In order to not repeat past inequitable decisions and to acknowledge the impacts caused by agency decisions, I think transit agencies need to do an accounting of how their system got inequitable. We need ‘active voice’ in transit agency equity plans that takes responsibility for their role in creating the problem.
Inequitable transit access can come from big Capital decisions, like where to invest in rail service, and incrementally as a series of small decisions, like where to put that one additional bus trip. No doubt political pressure by politicians representing white and higher income communities is a major factor in many decisions. But that pressure will continue in the backrooms until forced into the light and acknowledged as inequitable.
If you are with me so far that this is important, my question is how: how should transit agencies go about this accounting of past decisions? Here are few components I am thinking about.
Who should do the accounting? Quite literally what process should agencies take and who should lead and be involved in the process. To build new solutions to long-term problems the answer can’t be the agency hires the usual consultants to lead a study. How can agencies and communities collaborate so the process builds trust?
What is the scope? Some transit agencies in the US go back to private sector control and it would be overwhelming to analyze every decision. (The history of transit injustice goes back to the beginning- here is a timeline I put together for my master’s project on Atlanta.) Every agency and region will need to figure out their scope, but it seems important to pick a variety of decisions and look at how they happened and their impact.
What is the format for presenting the history and acknowledgement of equity impacts? Or what is a platform for ongoing analysis and discussion? One interesting example I found is an LA Metro blog post on one of their rail lines.
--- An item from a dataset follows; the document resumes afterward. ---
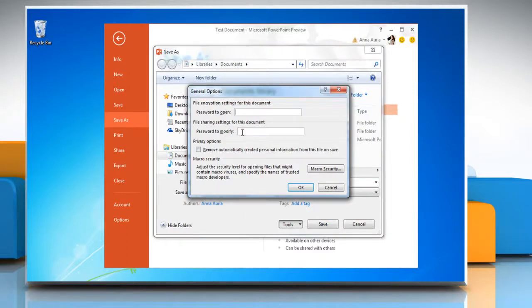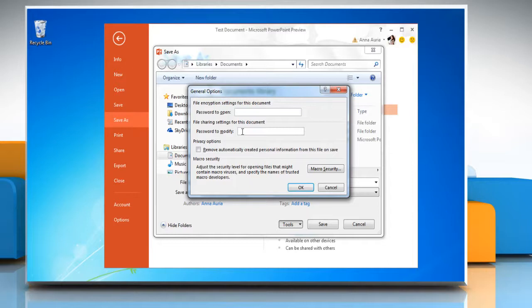The General Options dialog opens. Under File Sharing Settings of this document, in the Password to Modify box, type a password and click OK.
How should the outcome be used? How will the results be integrated into policy decision-making? And drive narratives and communications about equity to help push back on the forces of inequity? I have seen inequitable decisions as the result of political bullying, maybe talking about the past can help inoculate against those tactics in the future.
What are the challenges for government agencies admitting past injustices? Or even disclosing that they were wrong about something? Clearly the main challenge is if you admit a past wrong then you should do something about it and that requires shifting power and resources. But I also found a deep fear inside a government agency of admitting any mistakes, even small ones. We need to figure out ways that a governmental body can acknowledge they did something wrong in ways that doesn’t undermine trust in government and instead builds it.
(A side tangent, one of the reasons I started the data blog at the MBTA was to create a forum or platform for talking about data mistakes and errors. Data analysis is difficult and messy and even if there are no mistakes new data comes along that might change the results. But there wasn’t really a way for a matter of fact telling of what happened and why we think the new results are better. My hope is that talking about mistakes makes people more confident in the data analysis and the agency in general.)
I have a lot more questions than answers on this topic. And I don’t think I should be the one to have the answers and I know this idea isn’t new. So I am looking for examples or best practices of transit (or other government) agencies doing this type of accounting of past inequitable decisions. Please share if you have any and I will share what I learn!